You need to design an automatic dispenser pumping the medicine in the cardio-vascular system depending on the body temperature of the astronaut.

Design an automatic syringe set, a bracelet and a tool for remote supervision. It is important that the device is wearable or implantable and will not influence the mobility of the astronaut. In particular, keep care that the design is compact and cannot be detached accidentally, which would require new disinfection preventing an in-time cure.
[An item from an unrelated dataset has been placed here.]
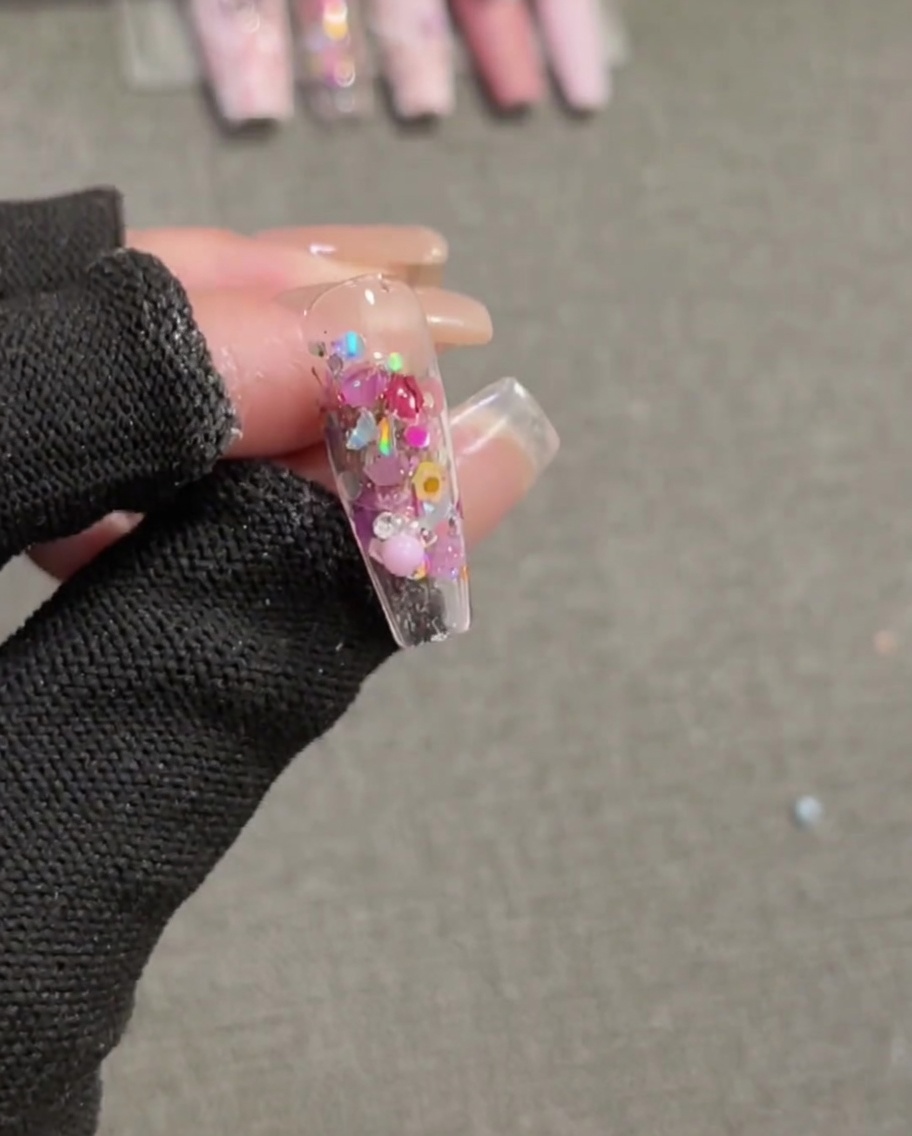Un pincel aplicando una capa final de top coat transparente de alto brillo sobre una uña completa que presenta lentejuelas incrustadas y un charm de lazo rosa 3D.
Also design a user interface to notify the astronaut about (mal)function of the device both for on-board and extra-vehicular activity in a spacesuit, since the medicine needs to be also given the first days on moon.

Albert Treytl (albert.treytl@donau-uni.ac.at), Gabor Kovacs (gabor.kovacs@donau-uni.ac.at)

A passenger got badly injured on the elbow and broke a bone in it. Since space travels take some time, a quick fix is necessary, as the nearest medical hospital can be days, weeks or even months away. As in space you mostly need your both hands to grasp things to navigate through the space-station or other spacecraft in a state of micro-gravity, it is important that the passenger gets an hardware aid to fix his broken elbow and still be able to move around with it.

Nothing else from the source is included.